Sabre Norris (born 3 January 2005) is an Australian surfer, skater, and YouTuber from Newcastle. She is the eldest child of Olympic swimmer Justin Norris.

Early life
Sabre Norris was born in Newcastle, New South Wales on 3 January 2005 to Olympic butterfly swimmer Justin Norris and his wife Brooke Norris. She is the oldest of six children.

Career
In 2016, at 11 years old Norris became the youngest surfer ever to compete in the open round of the Sydney International Women’s Pro. Her 4 November 2016 interview with Karl Stefanovic captured quite a bit of attention on Australia's Channel Nine's The Today Show; it reportedly attracted over 2 million views prompting an appearance on The Ellen DeGeneres Show which was viewed 40 million times.
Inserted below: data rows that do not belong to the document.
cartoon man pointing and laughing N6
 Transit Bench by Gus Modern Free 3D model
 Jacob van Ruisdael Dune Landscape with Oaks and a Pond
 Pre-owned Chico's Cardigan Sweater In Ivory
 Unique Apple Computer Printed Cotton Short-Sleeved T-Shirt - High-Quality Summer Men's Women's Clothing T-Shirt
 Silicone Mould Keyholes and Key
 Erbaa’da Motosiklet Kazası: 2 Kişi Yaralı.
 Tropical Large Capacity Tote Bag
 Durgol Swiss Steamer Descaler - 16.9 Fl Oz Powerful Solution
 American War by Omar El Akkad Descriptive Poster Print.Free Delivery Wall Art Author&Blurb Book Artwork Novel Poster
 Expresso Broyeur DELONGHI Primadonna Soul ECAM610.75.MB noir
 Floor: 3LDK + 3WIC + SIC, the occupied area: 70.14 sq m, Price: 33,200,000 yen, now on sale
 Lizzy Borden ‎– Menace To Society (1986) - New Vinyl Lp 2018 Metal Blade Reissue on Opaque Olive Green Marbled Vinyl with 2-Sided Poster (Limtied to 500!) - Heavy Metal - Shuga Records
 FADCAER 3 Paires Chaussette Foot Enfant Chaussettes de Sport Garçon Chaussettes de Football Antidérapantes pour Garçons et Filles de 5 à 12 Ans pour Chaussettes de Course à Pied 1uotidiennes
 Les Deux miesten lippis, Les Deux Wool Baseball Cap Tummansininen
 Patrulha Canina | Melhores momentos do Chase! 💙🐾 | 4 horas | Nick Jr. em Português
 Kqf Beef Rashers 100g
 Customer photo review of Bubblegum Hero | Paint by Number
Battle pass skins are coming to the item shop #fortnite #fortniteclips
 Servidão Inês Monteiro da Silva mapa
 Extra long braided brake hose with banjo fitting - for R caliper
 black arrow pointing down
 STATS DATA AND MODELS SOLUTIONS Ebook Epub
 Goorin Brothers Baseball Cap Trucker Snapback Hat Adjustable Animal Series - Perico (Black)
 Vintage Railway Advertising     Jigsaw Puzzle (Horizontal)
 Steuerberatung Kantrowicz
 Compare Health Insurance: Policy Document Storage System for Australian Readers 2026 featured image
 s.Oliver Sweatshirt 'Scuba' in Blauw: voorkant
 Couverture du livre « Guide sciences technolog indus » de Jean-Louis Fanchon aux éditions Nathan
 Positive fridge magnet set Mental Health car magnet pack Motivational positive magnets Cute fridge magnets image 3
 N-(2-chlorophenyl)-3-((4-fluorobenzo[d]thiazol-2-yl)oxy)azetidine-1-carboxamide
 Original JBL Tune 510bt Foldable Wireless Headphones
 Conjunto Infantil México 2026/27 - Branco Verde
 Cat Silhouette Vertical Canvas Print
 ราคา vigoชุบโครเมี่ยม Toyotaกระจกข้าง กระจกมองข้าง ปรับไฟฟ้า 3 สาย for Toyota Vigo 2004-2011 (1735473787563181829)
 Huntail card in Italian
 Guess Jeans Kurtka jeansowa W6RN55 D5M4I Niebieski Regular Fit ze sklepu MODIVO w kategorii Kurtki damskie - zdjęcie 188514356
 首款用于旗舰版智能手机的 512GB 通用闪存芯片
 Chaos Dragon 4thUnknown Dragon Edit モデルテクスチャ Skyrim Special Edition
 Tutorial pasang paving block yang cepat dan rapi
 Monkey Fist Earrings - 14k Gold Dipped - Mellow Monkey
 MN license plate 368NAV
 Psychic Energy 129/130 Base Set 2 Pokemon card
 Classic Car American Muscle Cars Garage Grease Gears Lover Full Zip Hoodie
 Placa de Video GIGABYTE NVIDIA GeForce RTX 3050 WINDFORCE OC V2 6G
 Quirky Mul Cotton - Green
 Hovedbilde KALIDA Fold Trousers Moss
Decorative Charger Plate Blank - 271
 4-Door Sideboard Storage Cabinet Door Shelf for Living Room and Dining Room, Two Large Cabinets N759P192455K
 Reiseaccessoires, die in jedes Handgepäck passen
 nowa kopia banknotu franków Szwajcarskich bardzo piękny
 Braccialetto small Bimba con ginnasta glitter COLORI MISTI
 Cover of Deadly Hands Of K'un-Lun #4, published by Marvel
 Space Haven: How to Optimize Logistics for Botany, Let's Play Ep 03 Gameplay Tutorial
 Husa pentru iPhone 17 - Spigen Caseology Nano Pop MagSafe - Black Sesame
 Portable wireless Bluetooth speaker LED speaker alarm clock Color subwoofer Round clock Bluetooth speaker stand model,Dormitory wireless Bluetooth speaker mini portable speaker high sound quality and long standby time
Norris is an accomplished skateboarder and although she has been diagnosed with Chiari malformation, it did not impede her selection in the Australian skateboarding squad for the 2020 Tokyo Olympics. She is the third female in history and first Australian female to land a "540".

In 2018 she won a silver medal in skateboarding at the X Games (becoming the first woman to land a McTwist on a skateboard at an X Games); won the Bondi Bowl-A-Rama; and finished in second place in the Vans Park Series Oceania Championships. In 2019 the ABC published the biographical podcast Sabre Norris — the girl who shreds waves and skate parks.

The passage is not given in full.